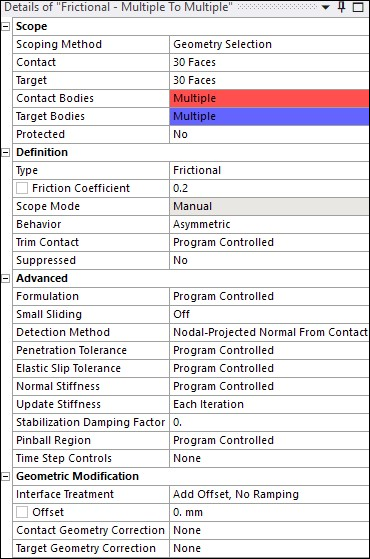 Detailed Settings for Self Contact Pairs on Inner and Outer Surfaces of Rubber Boot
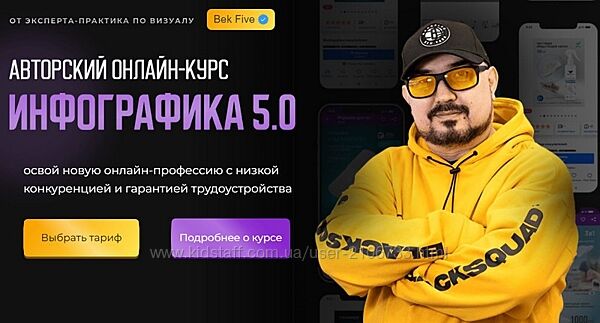 Bek-Five Инфографика 3.0. Тариф Бизнес Бек Якубов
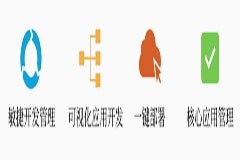 什么是hpaPaaS平臺？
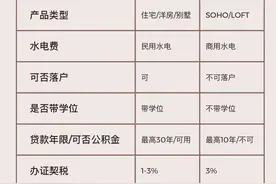 住宅和公寓的区别图片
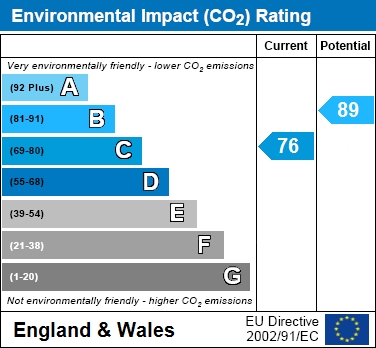 EIR Chart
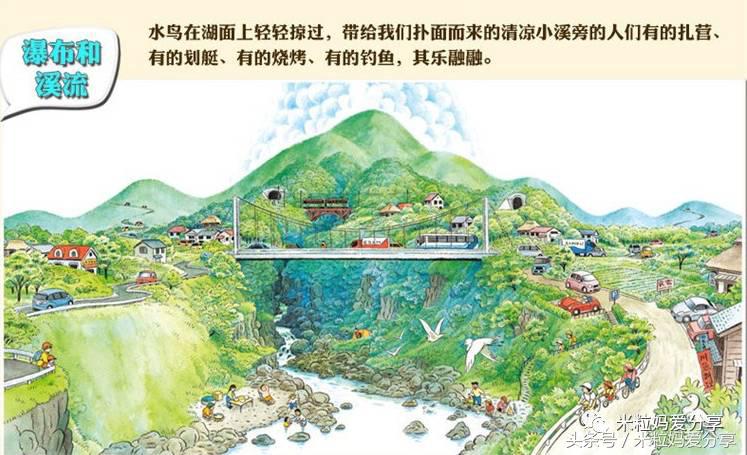 花30000块买绘本,花300块钱买十本书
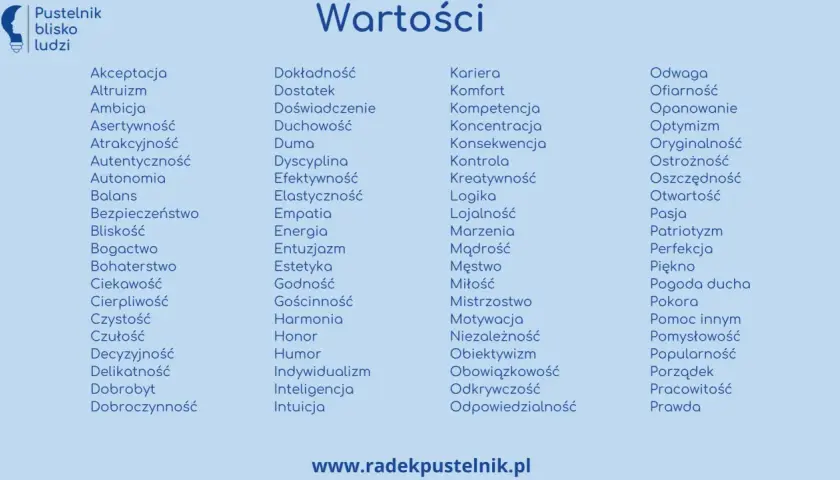 Lista słów kluczowych opisujących wartości w życiu: akceptacja, altruizm, ambicja, asertywność, atrakcyjność, autentyczność, autonomia, balans, bezpieczeństwo, bliskość, bogactwo, bohaterstwo, ciekawość, cierpliwość, czystość, czułość, decyzyjność, del...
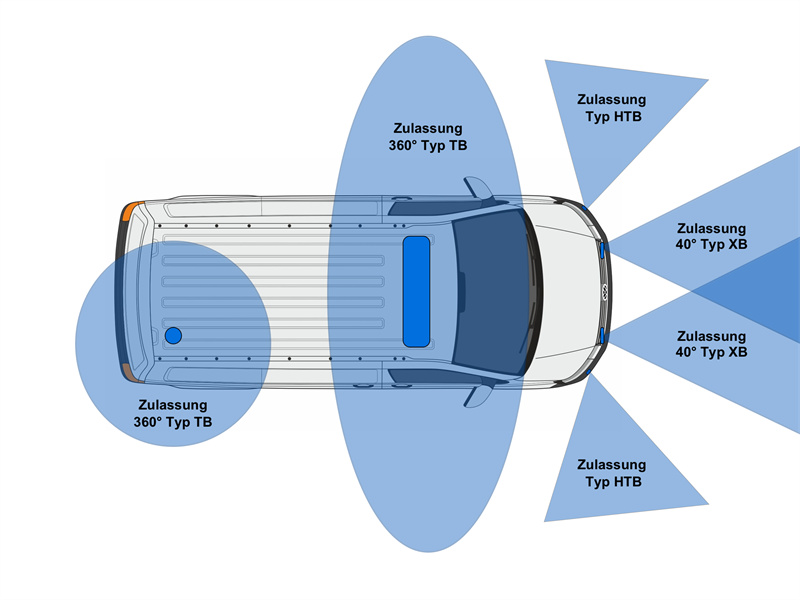 Redefining Vehicle Dynamics: The 63000 Series in Modern Emergency Vehicle Lighting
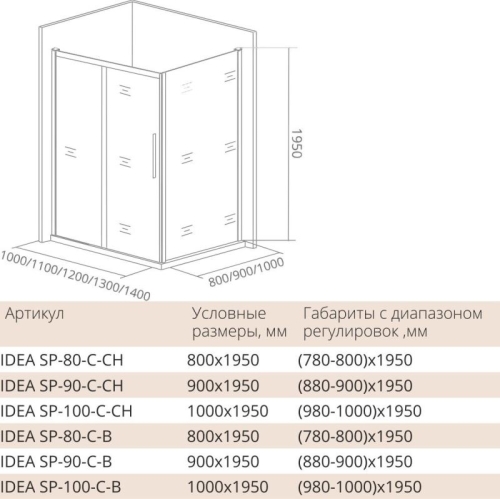 Душевое ограждение BAS IDEA WTW+SP 80*90*100/110*120*130*140 хром/черный фото 2
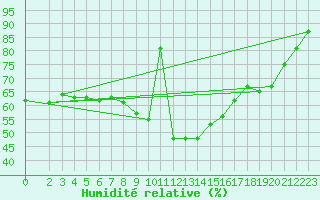 Courbe de l'humidit relative pour Diepenbeek (Be)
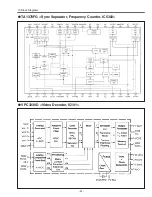 Preview for 51 page of Canon LV-S4 Service Manual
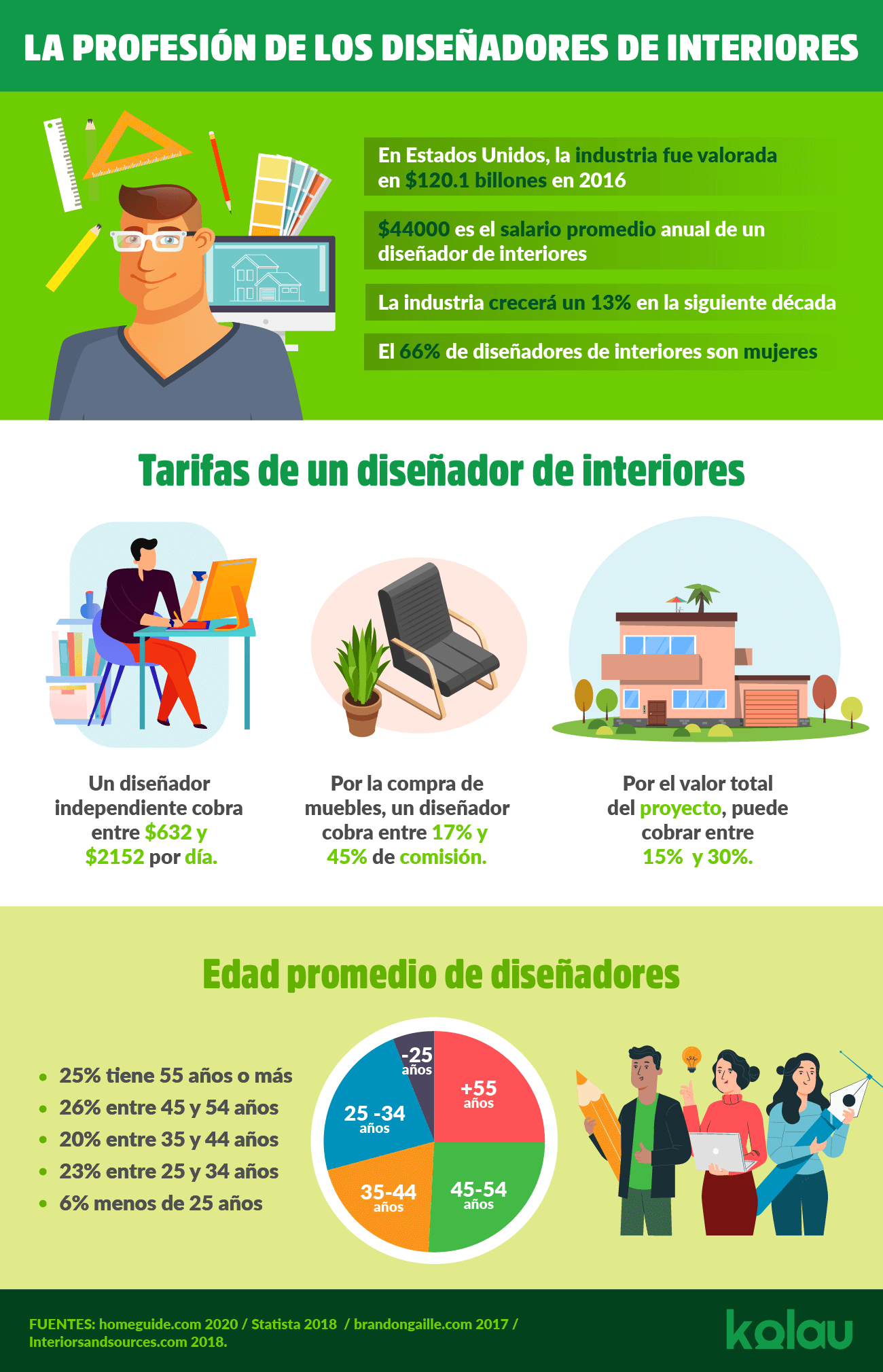 Infografía. Marketing para diseño de interiores.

● ● ● ●

_DIRECTIONS_
From the first line of the entries down to the line with "花30000块买绘本,花300块钱买十本书", print each line exactly; omit any picture.

_COMPLETED TASK_
 Detailed Settings for Self Contact Pairs on Inner and Outer Surfaces of Rubber Boot
 Bek-Five Инфографика 3.0. Тариф Бизнес Бек Якубов
 什么是hpaPaaS平臺？
 住宅和公寓的区别图片
 EIR Chart
 花30000块买绘本,花300块钱买十本书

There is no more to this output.